One of my university lecturers opined that there were three annotations of civilization; BC , AD & 9/11. I'm not sure he's correct but it was the day the world changed, (though not by much). Vale, those particularly on United 93 who realised what was happening and what the target was.


----------



## Gunz (Sep 11, 2018)

Too many have already forgotten.


----------



## Devildoc (Sep 11, 2018)

Ocoka said:


> Too many have already forgotten.



I cannot 'like' that enough.

Every day I think about it.  Every day.


----------



## Muppet (Sep 11, 2018)

In memory.....


----------



## Muppet (Sep 11, 2018)

Remembering Glen Doherty and Tyrone Woods - Uncle Sam's Misguided Children

Not forgetting Bengazi on this day, found this.....


----------



## Ooh-Rah (Sep 11, 2018)

Just wow.

“We’re Going to Do Something.”


----------



## amlove21 (Sep 12, 2018)




----------



## Ooh-Rah (Sep 12, 2018)

Love this kind of stuff when it happens randomly at just the right moment....


----------



## Gunz (Sep 12, 2018)

And, of course...that old cunt al-Zawahiri used the anniversary to call for more attacks on America.
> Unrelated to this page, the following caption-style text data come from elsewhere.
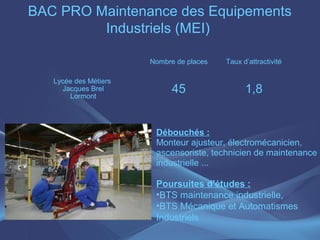 BAC PRO Maintenance des Equipements
         Industriels (MEI)

                       Nombre de places   Taux d’attractivité

   Lycée des Métiers
     Jacques Brel
       Lormont
                             45                 1,8


                        Débouchés :
                        Monteur ajusteur, électromécanicien,
                        ascensoriste, technicien de maintenance
                        industrielle ...

                        Poursuites d'études :
                        •BTS maintenance industrielle,
                        •BTS Mécanique et Automatismes
                        Industriels
 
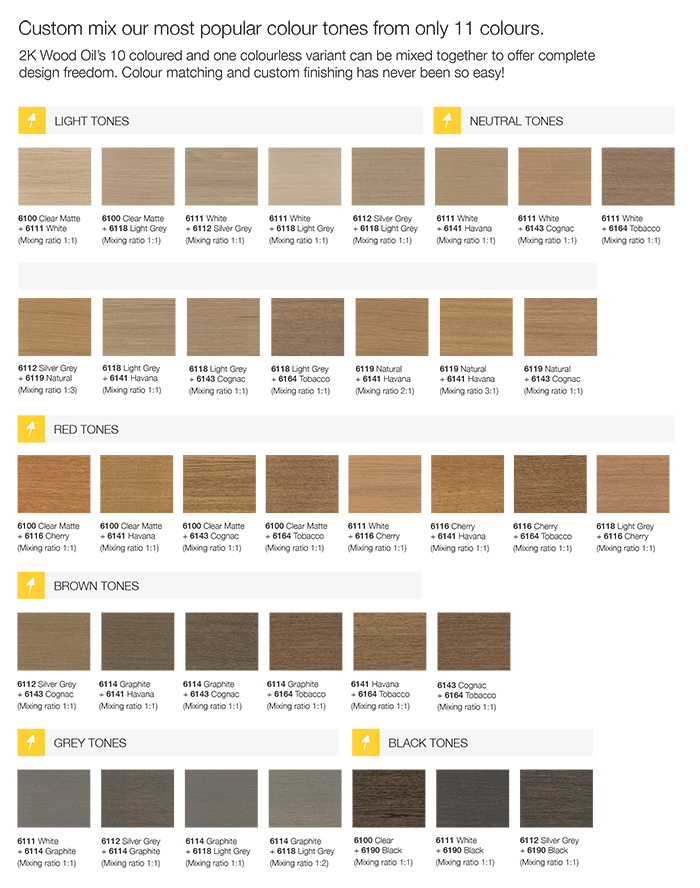 Custom mix Osmo 2K colours to create any colour tone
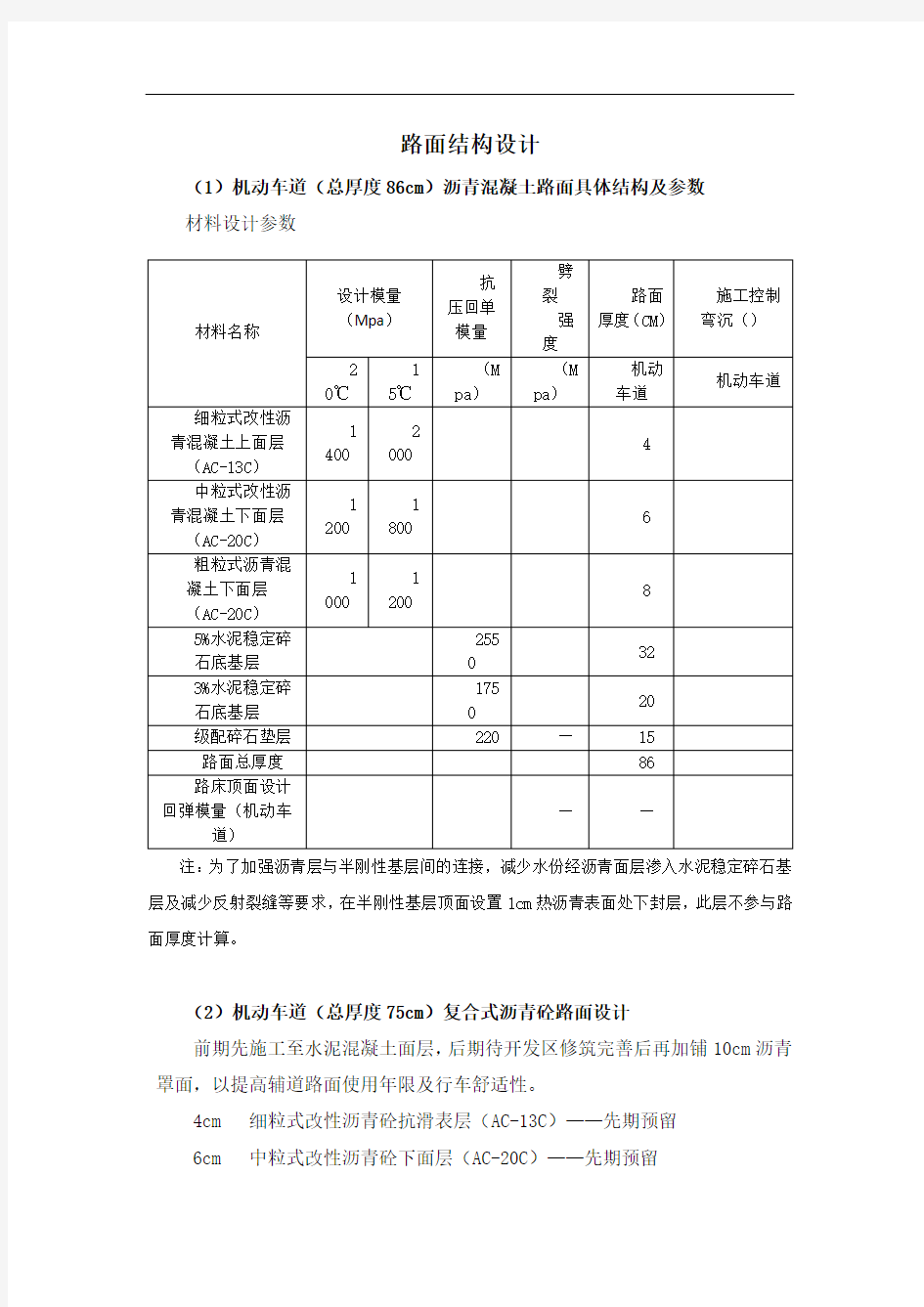 沥青混凝土路面具体结构及参数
That motherfucker is about 17 years overdue for a fucking dirt nap. We need to track that bitch down and stitch him end to end. And then piss on his carcass.


----------



## Centermass (Sep 13, 2018)

Ocoka said:


> And, of course...that old cunt al-Zawahiri used the anniversary to call for more attacks on America. That motherfucker is about 17 years overdue for a fucking dirt nap. We need to track that bitch down and stitch him end to end. And then piss on his carcass.



Pretty sad he's not even listed in Interpol's Most Wanted database........


----------